Pour les anarchistes, d'après les mots d'un militant anarchiste écossais, « l'histoire de progrès humain est vu comme l'histoire de la révolte et de la désobéissance, avec l'individu appauvri par la subversion à l'autorité sous toutes ses formes et capable de garder sa dignité seulement dans la révolte et la désobéissance. »[10] C'est pourquoi les anarchistes mettent l'accent sur l'auto-libération ( et l'auto-organisation, l'autogestion et l'auto-activité). Ce n'est par conséquent guère étonnant que Bakounine considérait la révolte comme un des « Trois éléments ou, si vous voulez, trois principes fondamentaux [qui] constituent les conditions essentielles de tout développement humain, tant collectif qu’individuel dans l’histoire : 1° l’animalité humaine ; 2° la pensée ; et 3° la révolte. »[11] Tout simplement parce que les individus ou les groupes ne peuvent être libérés par d'autres, que par eux-mêmes. Une telle révolte (auto-libération) est le seul moyen grâce auquel la société existante puisse devenir aussi libertaire et anarchiste que possible.

Notes et références

  1. Emma Goldman, Red Emma Speaks (Emma la rouge parle), p. 167.

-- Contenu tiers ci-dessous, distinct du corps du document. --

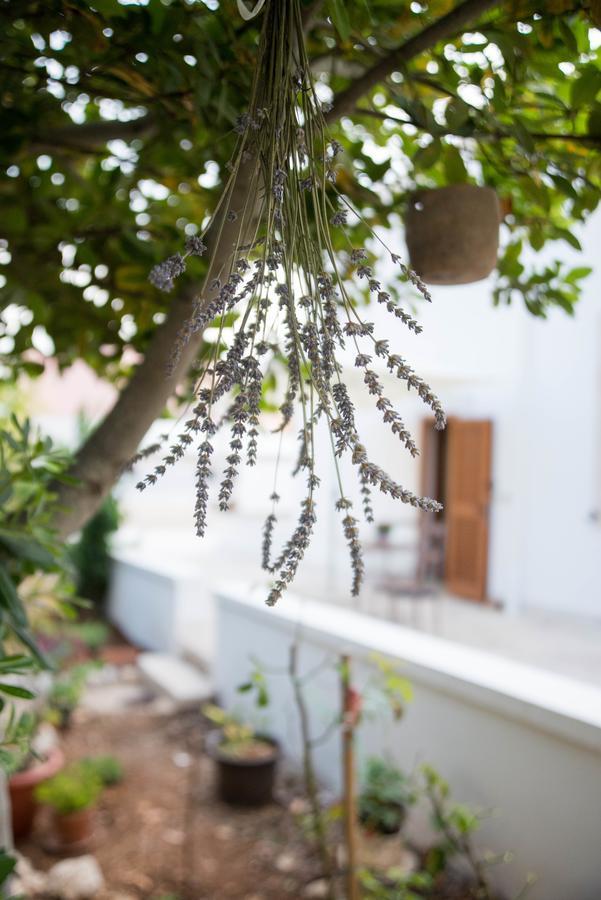 Giardino Segreto Bed & Breakfast ปูติญญาโน ภายนอก รูปภาพ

  2. Murray Bookchin, The Ecology and Freedom (L'écologie et la liberté), p. 159 et pp. 164-165.
  3. Errico Malatesta, His Life and Idea (Sa vie et ses idées), pp. 188-189.
  4. Emma Goldman, Op. Cit., p. 168.
  5. Max Stirner, The Ego and Its Own, p. 168.
  6. Carole Pateman, The Sexual Contract (Le contrat social), p. 205
  7. Marie Louise Berneri, Neither East Nor West (Ni à l'Est ni à l'Ouest), p. 32
  8. Op. Cit., p. 90.
  9. Pierre Kropotkine, Evolution and Environnement (L'évolution et l'environnement), p. 83 et 85.
  10. Robert Lynn, Not a Life Story, Just a Leaf from It (Pas l'histoire d'une vie, juste une de ses pages), p. 77.
  11. Michel Bakounine, Dieu et l'État, p. 12.